From the line containing "Братки на Grove" to the line containing "Apple iPhone XR 64 GB Black" in the records below, set down every line exactly as it stands, both ends included, and skip the pictures.

━━ Records supplied

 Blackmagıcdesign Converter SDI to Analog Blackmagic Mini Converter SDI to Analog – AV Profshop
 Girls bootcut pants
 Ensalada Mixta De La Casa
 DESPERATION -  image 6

━━━━
━━ Records supplied

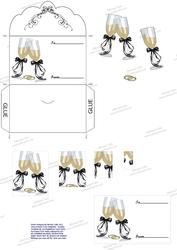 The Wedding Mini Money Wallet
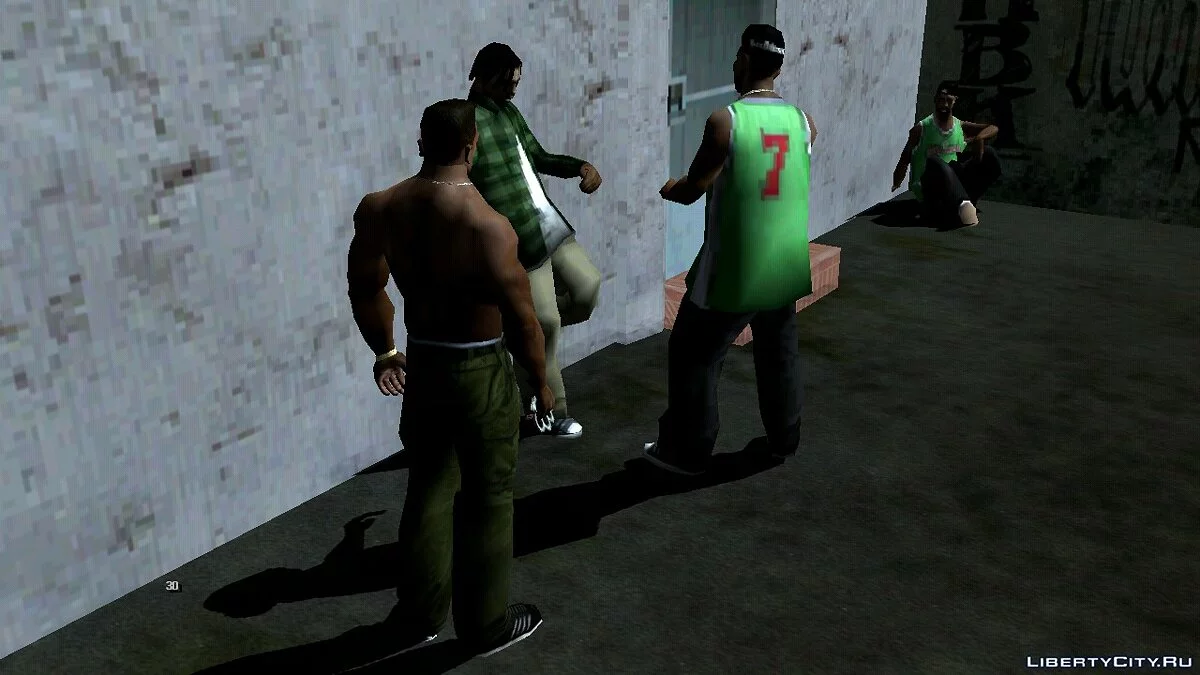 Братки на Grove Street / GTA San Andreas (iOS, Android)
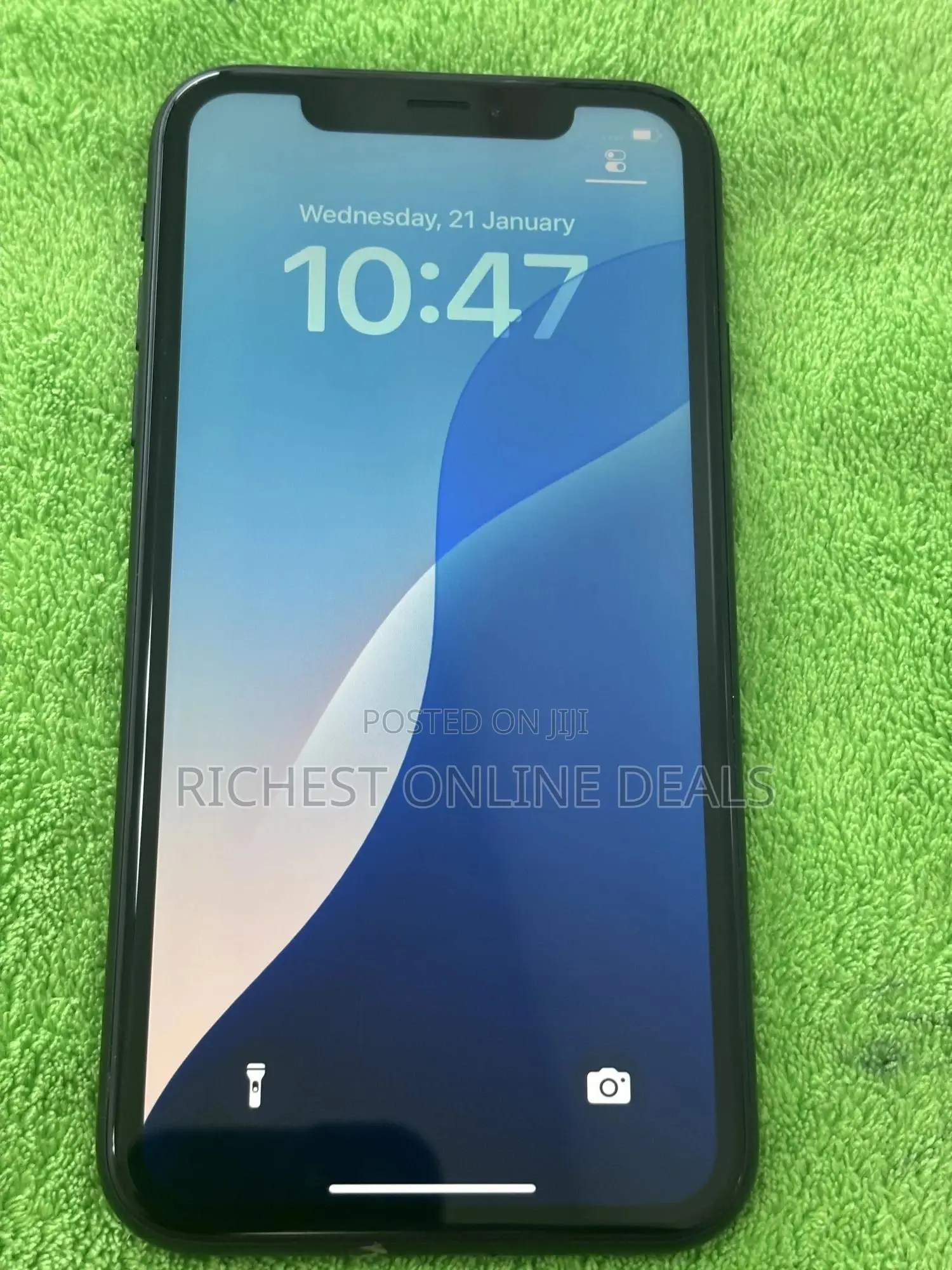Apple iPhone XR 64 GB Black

━━━━

■ Answer box
 Братки на Grove Street / GTA San Andreas (iOS, Android)
Apple iPhone XR 64 GB Black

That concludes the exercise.